### [WHAT YOU NEED TO DO]
Write down exactly the lines from the one with "Rositsa Espinosa (Christian" to the end of the data, first and last included, and no others.
(DATA IN THIS EXERCISE Opens)
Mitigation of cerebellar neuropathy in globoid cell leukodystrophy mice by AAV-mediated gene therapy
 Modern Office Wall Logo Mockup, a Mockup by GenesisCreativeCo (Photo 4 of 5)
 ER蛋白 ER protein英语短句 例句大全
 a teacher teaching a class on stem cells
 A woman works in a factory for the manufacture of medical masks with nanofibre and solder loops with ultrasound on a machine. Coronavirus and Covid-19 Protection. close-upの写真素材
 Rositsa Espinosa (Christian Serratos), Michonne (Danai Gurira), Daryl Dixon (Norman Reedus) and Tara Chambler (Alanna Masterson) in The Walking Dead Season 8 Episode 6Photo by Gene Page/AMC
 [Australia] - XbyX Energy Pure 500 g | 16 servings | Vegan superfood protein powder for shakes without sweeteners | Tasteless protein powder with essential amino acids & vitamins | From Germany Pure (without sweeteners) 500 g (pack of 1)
(DATA IN THIS EXERCISE Closes)
### [REPLY]
 Rositsa Espinosa (Christian Serratos), Michonne (Danai Gurira), Daryl Dixon (Norman Reedus) and Tara Chambler (Alanna Masterson) in The Walking Dead Season 8 Episode 6Photo by Gene Page/AMC
 [Australia] - XbyX Energy Pure 500 g | 16 servings | Vegan superfood protein powder for shakes without sweeteners | Tasteless protein powder with essential amino acids & vitamins | From Germany Pure (without sweeteners) 500 g (pack of 1)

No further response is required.